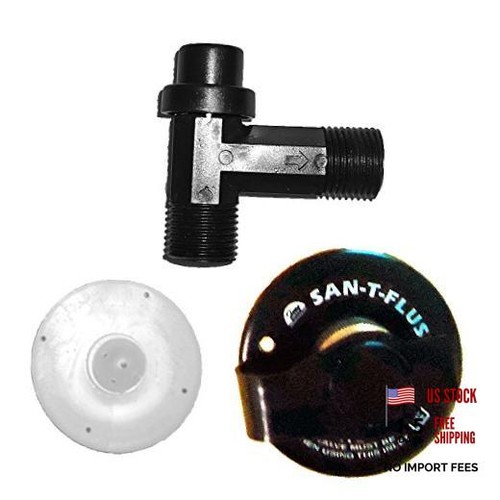 San flush kit - kit, with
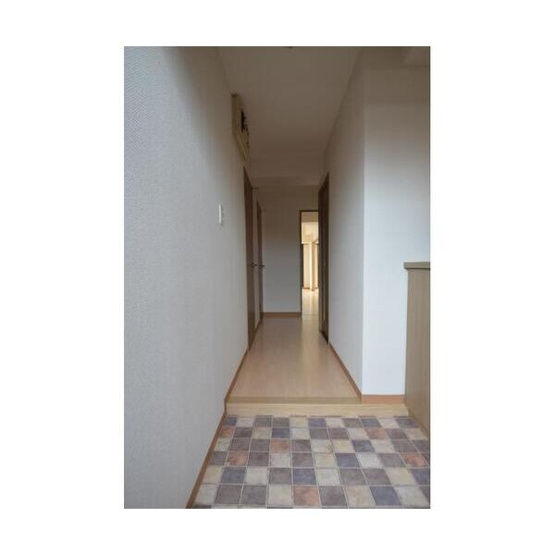 【玄関】 | ITOH壱番館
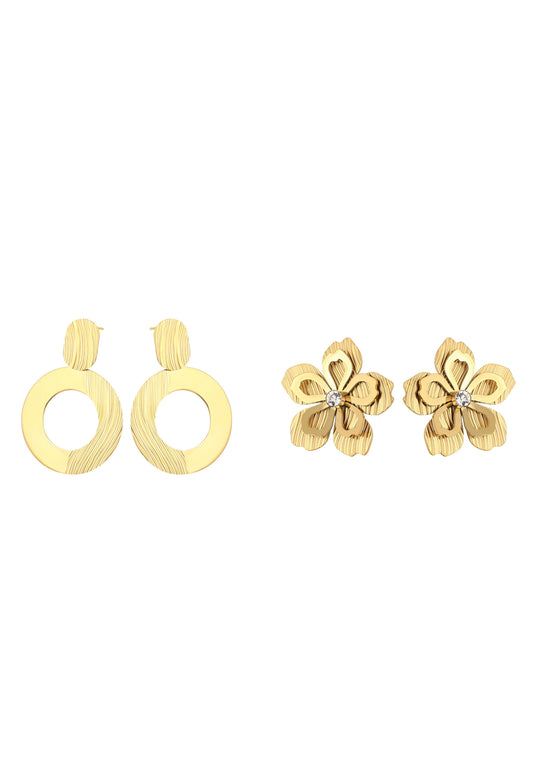 Naemi Women's Jewelry Set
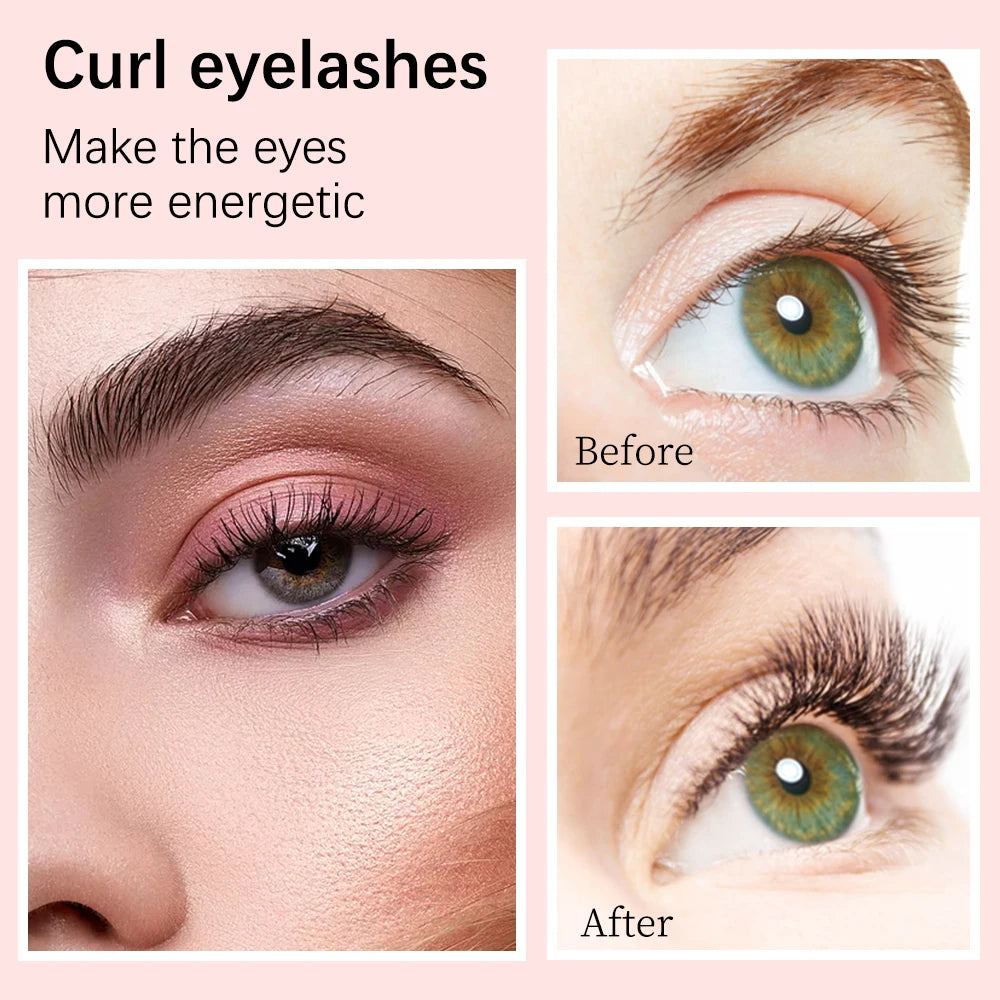 Professional Eyelash Perm and Lift Kit - 2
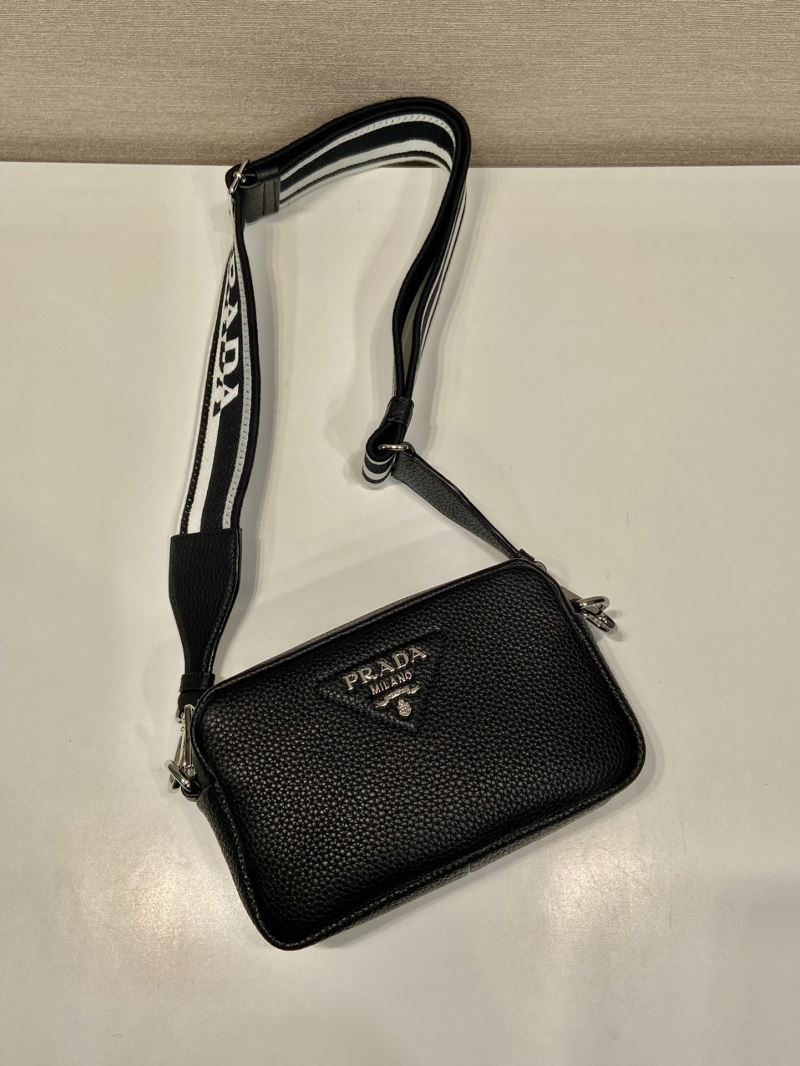 Prada Satchel Bags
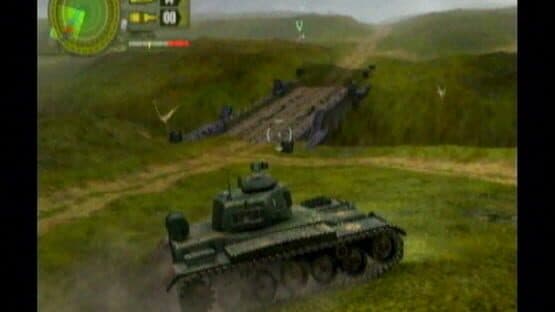 Reign of Fire — screenshot 2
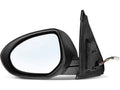 Door Mirror for Mazda 3 (2010–2013) GG162JY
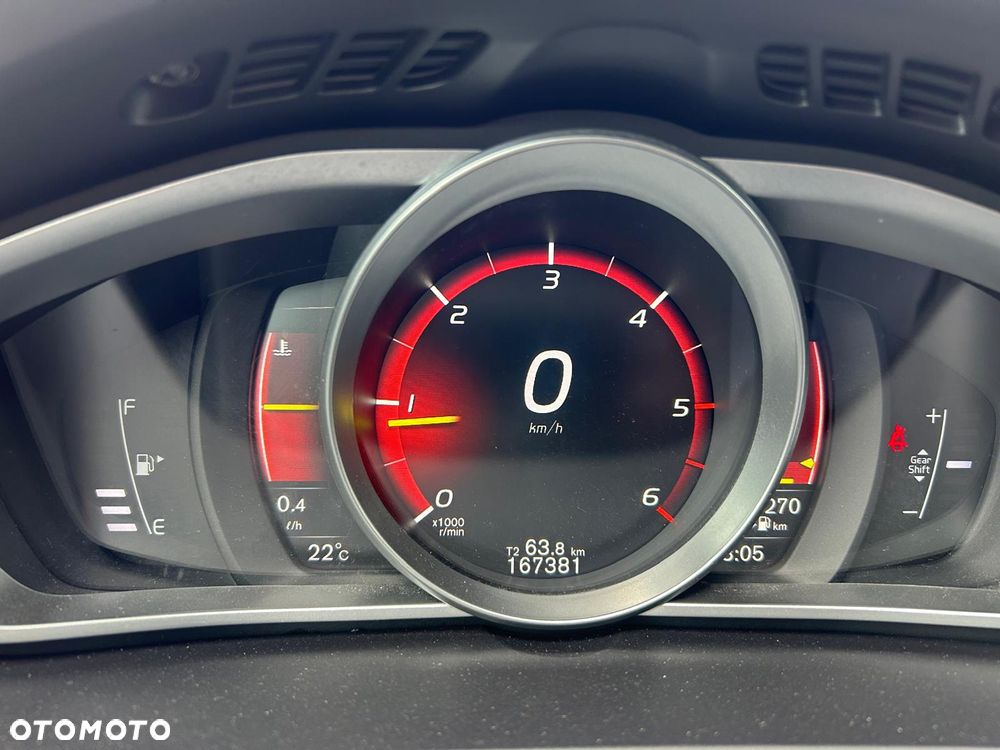 Volvo V40 D2 RDesign - 8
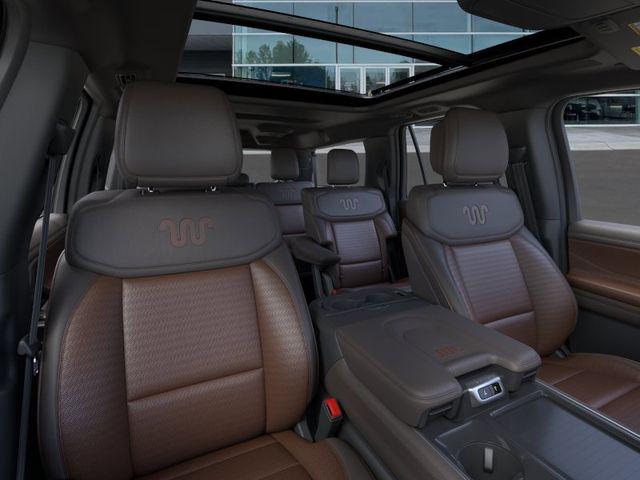 2026 Ford Expedition Max King Ranch MAX
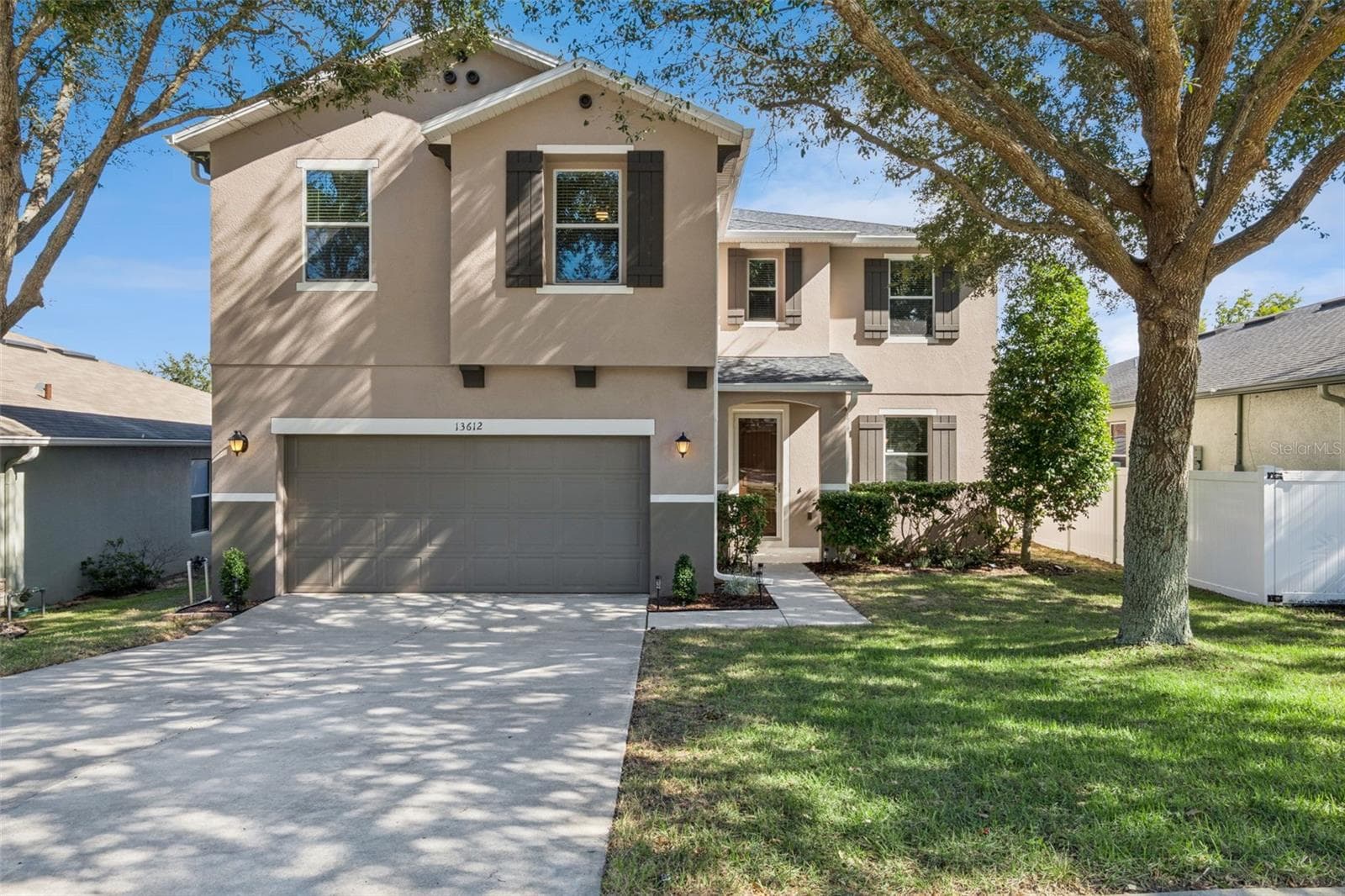 Single Family Residence at 13612 LARANJA ST, CLERMONT, photo 2 of 60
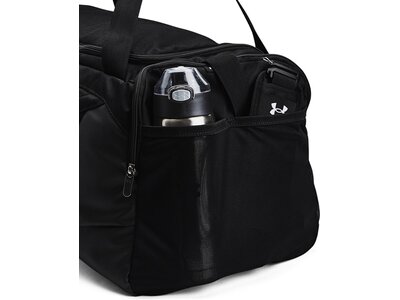 UNDER ARMOUR Undeniable Duffle Bag 5.0 Sporttasche Medium (58 Liter) Schwarz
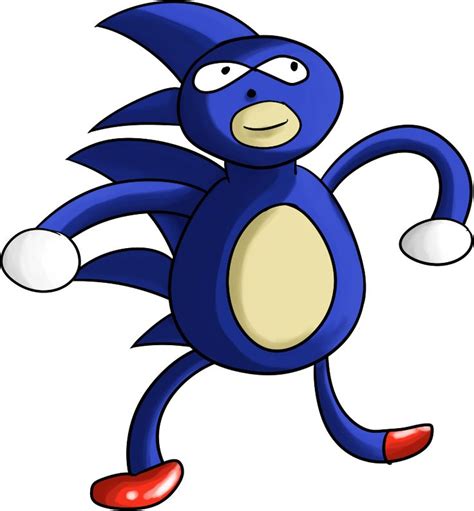 Sanic | Sanic Hegehog | Boys game room, Sonic funny, Dark souls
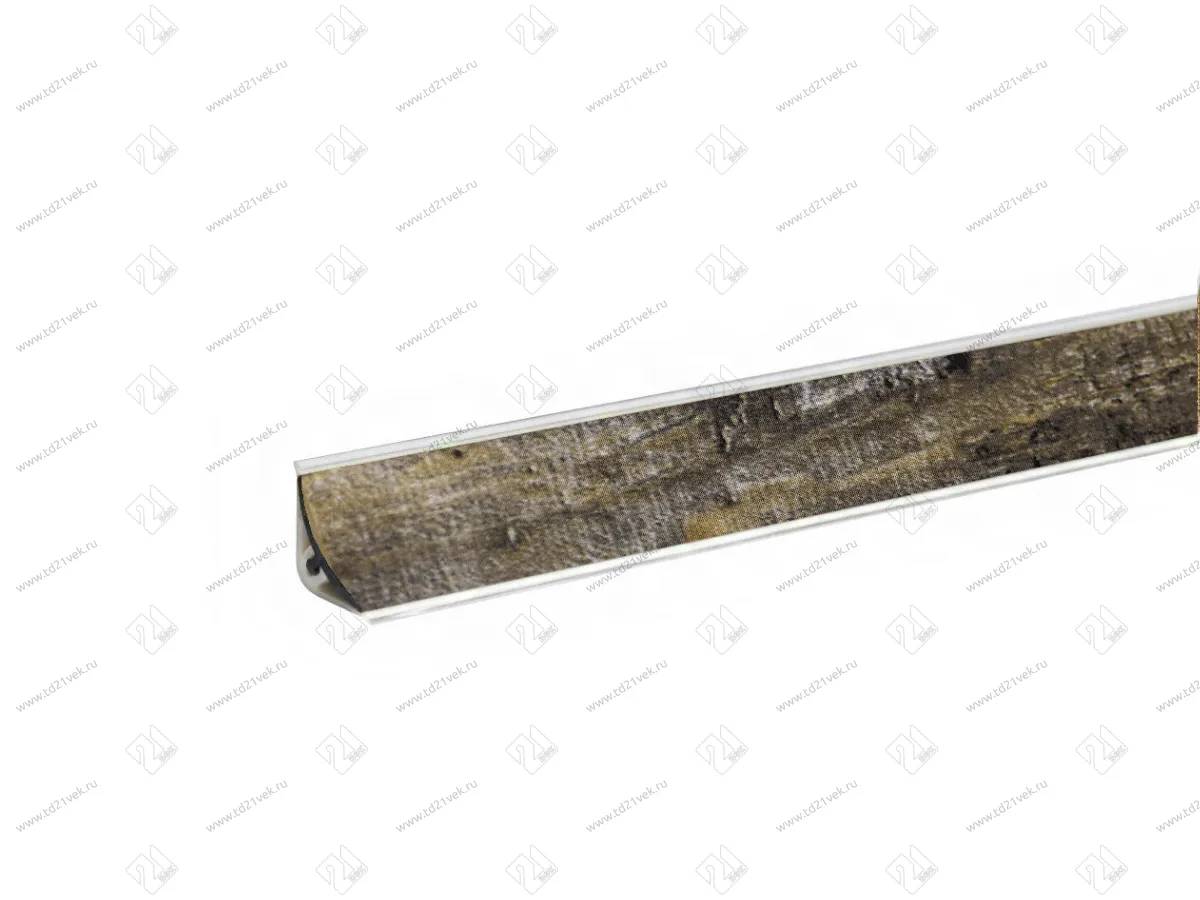 Плинтус для столешниц LB15   Кантри  3,0м 20-15-0-6102 (№6065)  <1/15> 1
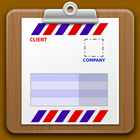 Personal Billing Invoice icon
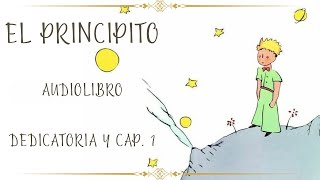 EL PRINCIPITO Cap 1 AUDIOLIBRO [upl. by Teahan]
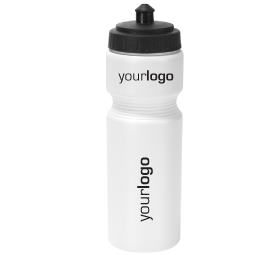 promotional drink bottle wide mouth
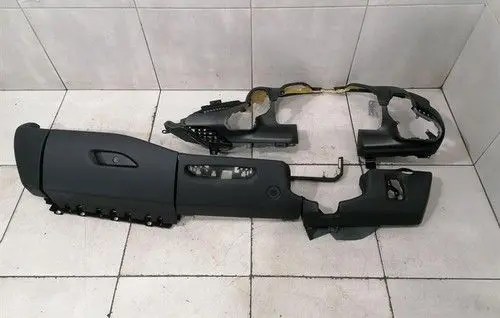 Ferrari FF Glovebox shock absorber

What to produce> Print every entry exactly. Pictures are not part of the copy.

Response>
 San flush kit - kit, with
 【玄関】 | ITOH壱番館
 Naemi Women's Jewelry Set
 Professional Eyelash Perm and Lift Kit - 2
 Prada Satchel Bags
 Reign of Fire — screenshot 2
 Door Mirror for Mazda 3 (2010–2013) GG162JY
 Volvo V40 D2 RDesign - 8
 2026 Ford Expedition Max King Ranch MAX
 Single Family Residence at 13612 LARANJA ST, CLERMONT, photo 2 of 60
 UNDER ARMOUR Undeniable Duffle Bag 5.0 Sporttasche Medium (58 Liter) Schwarz
 Sanic | Sanic Hegehog | Boys game room, Sonic funny, Dark souls
 Плинтус для столешниц LB15   Кантри  3,0м 20-15-0-6102 (№6065)  <1/15> 1
 Personal Billing Invoice icon
 EL PRINCIPITO Cap 1 AUDIOLIBRO [upl. by Teahan]
 promotional drink bottle wide mouth
 Ferrari FF Glovebox shock absorber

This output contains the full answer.